Even worse, it seems the people lining up to do the jobs better than trained journalists can manage it from home without getting out of their pyjamas.While holding down other paying jobs that have nothing at all to do with news gathering.
Oh aye, and did I mention the most wonderful fact of all? They’ll do it for *free*. Um-yum! That altruism is wonderful stuff.
Of course, as a society this has us sleepwalking into a potentially horrendous world of unaccountability – told better than I could ever hope to tell it it in this article by David Simon, creator of TV show The Wire and an acclaimed newspaper reporter.
It seems nobody really wants to listen. While news is free and blogs and social media are proliferating, who, except worried journalists, has the time to ponder the future of news?
Maybe that’s about to change. Certainly, plenty of people sat up, listened and took note last week when Rupert Murdoch gave his view that mobile phones and devices – like the vaunted new iPad – will be lifeless without content.
Of course there will be no shortage of people who insist there is plenty of quality content out there without newspapers. Oh really?

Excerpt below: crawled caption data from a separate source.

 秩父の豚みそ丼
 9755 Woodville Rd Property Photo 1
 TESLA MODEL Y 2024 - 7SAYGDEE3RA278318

Next time you hear that spurious load of old tosh (which you inevitably will) refer the naysayer to this research by the Pew Research Center’s Project for Excellence in Journalism.
The findings, as it happens, are from David Simon’s very own patch in Baltimore. And the results are inarguable. There may be hundreds of places to go for news but virtually all of it – 95% – is still being generated by those much, maligned, nearing-extinction, unloved and unwanted newspaper hacks.
Finally the research is backing up what every traditional and mainstream journalists has been saying for a long while.
Yes, there is plenty of content out there, but if you want news, then you need professionals to seek it out, collect it, verify it and present it – and as David Simon points out, hold the powers that be to account.
On a recent editonof the Quiet News Day podcast, I found myself agreeing with Shaun Milne when he said that Rupert Murdoch might yet be an unlikely saviour of journalism, with his crusade to ensure quality news content is paid for.
Now I find myself sympathising with the Dirty Digger again – but it is not just mobile devices that will be lifeless without news content.